Task to carry out
Check each line below for the word "doctor". Then give only how many lines have it.

(Data for review Opens)

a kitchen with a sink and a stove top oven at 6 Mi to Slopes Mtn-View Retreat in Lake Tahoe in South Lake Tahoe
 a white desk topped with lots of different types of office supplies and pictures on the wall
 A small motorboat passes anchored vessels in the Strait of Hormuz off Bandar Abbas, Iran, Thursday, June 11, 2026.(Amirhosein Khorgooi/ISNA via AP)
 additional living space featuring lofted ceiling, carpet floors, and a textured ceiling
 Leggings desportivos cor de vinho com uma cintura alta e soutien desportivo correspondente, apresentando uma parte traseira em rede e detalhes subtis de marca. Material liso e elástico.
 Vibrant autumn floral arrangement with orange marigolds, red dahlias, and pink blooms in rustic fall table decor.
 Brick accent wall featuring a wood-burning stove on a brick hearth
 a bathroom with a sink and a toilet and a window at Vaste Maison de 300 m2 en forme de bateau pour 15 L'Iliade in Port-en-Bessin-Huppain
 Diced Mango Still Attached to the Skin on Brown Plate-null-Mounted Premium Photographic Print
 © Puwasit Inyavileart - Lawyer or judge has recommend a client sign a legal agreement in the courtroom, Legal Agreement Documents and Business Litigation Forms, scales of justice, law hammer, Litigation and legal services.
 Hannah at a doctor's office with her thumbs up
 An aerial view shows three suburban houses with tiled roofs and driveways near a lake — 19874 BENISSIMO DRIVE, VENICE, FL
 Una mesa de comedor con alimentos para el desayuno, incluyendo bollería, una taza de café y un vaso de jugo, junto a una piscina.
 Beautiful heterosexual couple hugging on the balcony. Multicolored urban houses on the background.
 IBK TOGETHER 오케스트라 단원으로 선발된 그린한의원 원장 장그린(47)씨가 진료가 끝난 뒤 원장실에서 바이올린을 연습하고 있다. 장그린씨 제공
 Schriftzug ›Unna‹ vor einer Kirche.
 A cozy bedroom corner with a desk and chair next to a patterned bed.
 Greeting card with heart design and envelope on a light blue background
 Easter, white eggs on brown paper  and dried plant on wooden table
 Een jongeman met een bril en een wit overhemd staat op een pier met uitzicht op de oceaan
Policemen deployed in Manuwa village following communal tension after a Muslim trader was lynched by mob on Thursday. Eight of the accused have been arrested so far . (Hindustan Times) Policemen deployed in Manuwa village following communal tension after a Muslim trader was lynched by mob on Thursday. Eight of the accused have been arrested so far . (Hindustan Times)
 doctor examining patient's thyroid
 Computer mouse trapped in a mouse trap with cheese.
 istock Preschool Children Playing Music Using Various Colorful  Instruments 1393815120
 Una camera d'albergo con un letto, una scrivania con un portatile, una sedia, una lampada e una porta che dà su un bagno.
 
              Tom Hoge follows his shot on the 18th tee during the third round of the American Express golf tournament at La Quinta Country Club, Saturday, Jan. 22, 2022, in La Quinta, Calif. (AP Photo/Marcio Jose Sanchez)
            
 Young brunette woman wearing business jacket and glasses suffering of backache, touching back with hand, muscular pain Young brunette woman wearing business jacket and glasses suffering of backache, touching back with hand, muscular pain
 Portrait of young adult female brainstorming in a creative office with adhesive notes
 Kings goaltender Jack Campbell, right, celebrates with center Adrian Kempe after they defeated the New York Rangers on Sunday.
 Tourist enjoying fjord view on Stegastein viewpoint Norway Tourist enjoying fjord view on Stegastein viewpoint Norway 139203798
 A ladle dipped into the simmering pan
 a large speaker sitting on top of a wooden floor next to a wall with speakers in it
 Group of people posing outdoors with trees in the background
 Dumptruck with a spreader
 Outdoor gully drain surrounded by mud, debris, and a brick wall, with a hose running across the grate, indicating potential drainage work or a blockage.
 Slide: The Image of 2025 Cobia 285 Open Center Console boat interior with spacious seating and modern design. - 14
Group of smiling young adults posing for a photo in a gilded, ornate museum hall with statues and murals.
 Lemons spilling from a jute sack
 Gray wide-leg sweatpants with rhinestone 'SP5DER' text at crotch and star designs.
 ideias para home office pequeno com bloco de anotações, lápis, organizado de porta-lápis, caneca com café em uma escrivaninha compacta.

(Data for review Closes)

Solution
2